My Sailor eats just like that and the cupcake/muffin pan works really well for her.


----------



## dexter0125 (Mar 20, 2011)

Hand feeding is good for trust building too. I hand fed mine for at least a month or so. now, if I need to take his food bowl or something from him for whatever reason its not an issue. it may not be only bc of the hand feeding but I think it probably helped. 

I don't have an issue with fast eating. thankfully. I thought I did when he was a little younger so I hand fed...but I want the Kong wobbler just so he'll have a super fun new toy. Hehe.


----------



## lgnutah (Feb 26, 2007)

My 6 year old Brooks still eats every meal as if he hasn't been fed in weeks.
I suppose the good thing is, I don't have to worry about him being a picky eater


----------



## mfreib1 (Apr 8, 2011)

I would say hand feeding or a food dispensing toy such as the Kong Wobble is your best bet. We do the mini muffin pan thing a lot too but she still inhales the food with the muffin pan :doh:


----------



## puppydogs (Dec 6, 2010)

Wow it's been a year already since I posted this! Thinking of switching to another food such as Acana, the kibble size is bigger than Fromms. 

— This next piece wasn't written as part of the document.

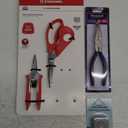 Corona Yard Essentials Stainless Steel scissors for shearing and pliers, missing one tool, One set of Danielson Curved Nose Pliers, and One Key and Castle Flex Tape measure, 5FT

Curious if there are any new solutions to the dog inhaling food problem? Even if I hand feed or put something in the bowl to slow it down, she doesn't chew!


----------



## xoerika620xo (May 25, 2012)

puppydogs said:


> Wow it's been a year already since I posted this! Thinking of switching to another food such as Acana, the kibble size is bigger than Fromms.
> 
> Curious if there are any new solutions to the dog inhaling food problem? Even if I hand feed or put something in the bowl to slow it down, she doesn't chew!

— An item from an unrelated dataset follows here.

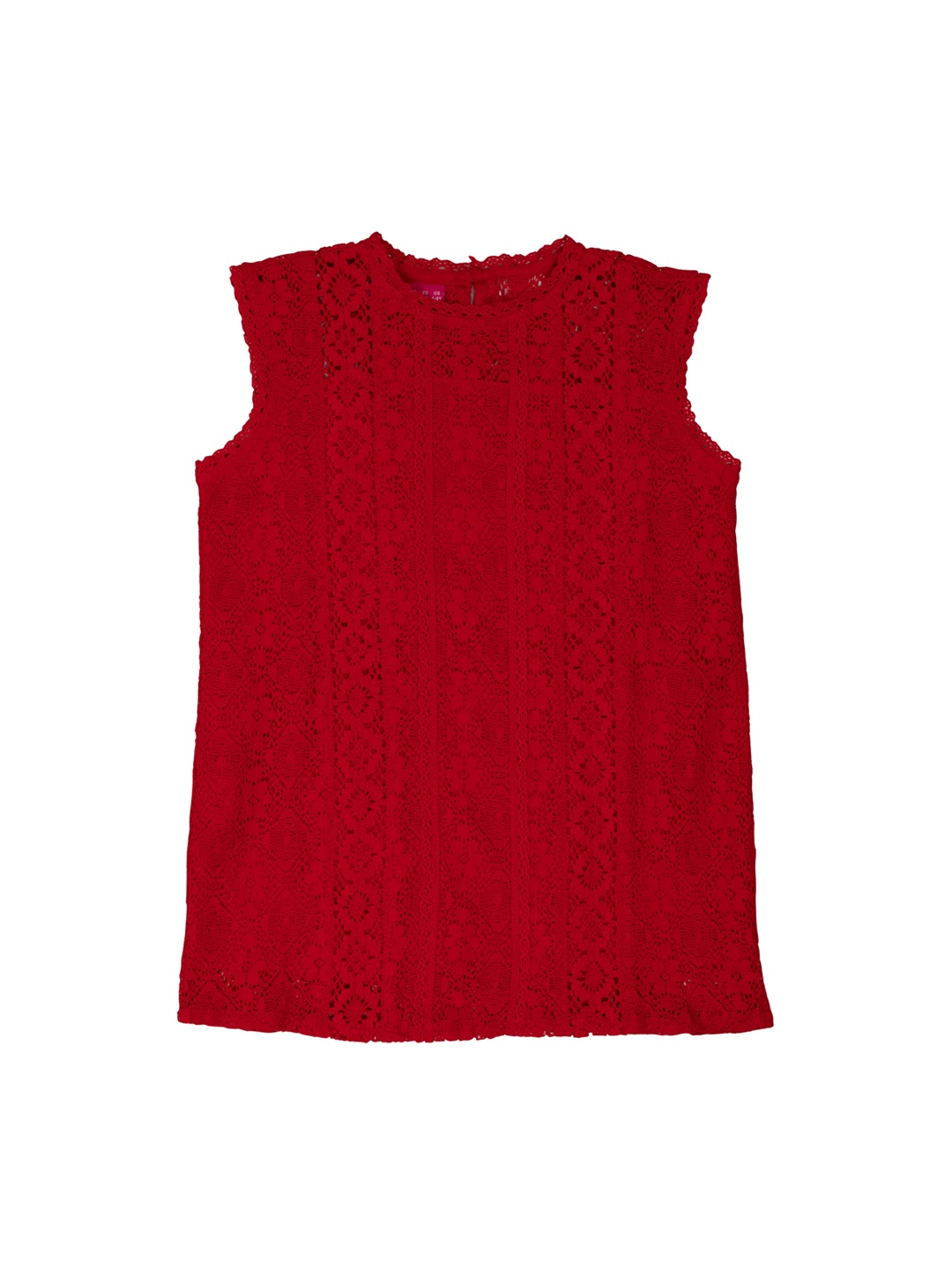 

UNDER FOURTEEN ONLY Red Self Design Regular Top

what i do is spread it all over the floor. it looks like a big mess but at-least he's taking a while for it to go down into his stomach. my pup has a sensitive stomach so when he would eat really fast he always throws up. In my car we have wipes and bags because he'll throw up his food if he just ate so we try not to feed him right before going into the car


----------



## IrishTiger (Nov 23, 2012)

I'm also concerned about Max. It takes him less than a minute to eat a cup and a half of his EVO Red meat. He burps a lot, and tonight for the first time it seemed as if he had hiccups.

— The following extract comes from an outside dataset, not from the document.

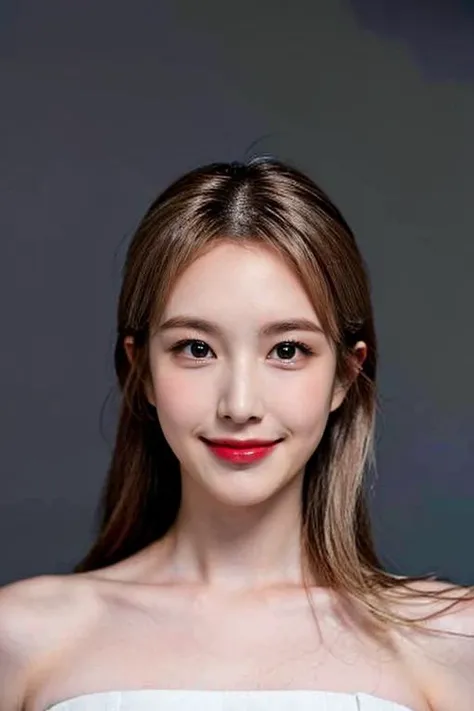 (masterpiece, top quality, best quality, (close-up photograph: 2), ((1girl)), fair skin, (((closed lips))), (extremely detailed face), looking straight, ultra-detailed eyes and pupils, ((bare pectorals)), ((bare chest)), bare head, nude dress, (((bare shoulders))), symmetrical frame, ((strapless)), (((smile))), ((symmetrical pose)), looking at viewer, (((looking at viewer))), ((symmetrical face: 1.6)), 35mm, simple grey background, ((studio lighting)), no watermark, ((white blonde hair)), <lora:jaeheelorashy:1>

I'm terrified of bloat. Absolutely terrified.


----------



## Joeysmom (Nov 30, 2012)

My puppy does the same thing! He eats Acana and does not chew. Gone in less the 30 seconds. We have tried the divided dish and it helps slow him down but does not help with the chewing. Joey is now almost 4 months old and this has been a concern for us. We feed him away from our Lab ( Joey can out eat him).
We have just started trying 3 dishes.....the first one has hardly anything in it. When he is calm and relaxed I hand feed the second dish. Again after he is calm he then gets the third (he can see them on the counter) the third has most of the food in it. I keep saying " calm" when he's eating if he's not I take it away. We just started this so still in the testing stages, I do however think that he is chewing most of his food. Oh yes, the third bowl is the divided one.




Sent from my iPhone using Petguide.com Free App


----------



## bljohnson4 (Jul 7, 2012)

Cooper doesn't eat too fast but putting his food in a Kong does slow him down a lot. Have you tried that? If you wet the food down a little while before you feed it, then it gets sticky and harder to get out. We will do this if we want to keep him busy for a while....but only about 1/2-1/3 of his food fits in at a time.


----------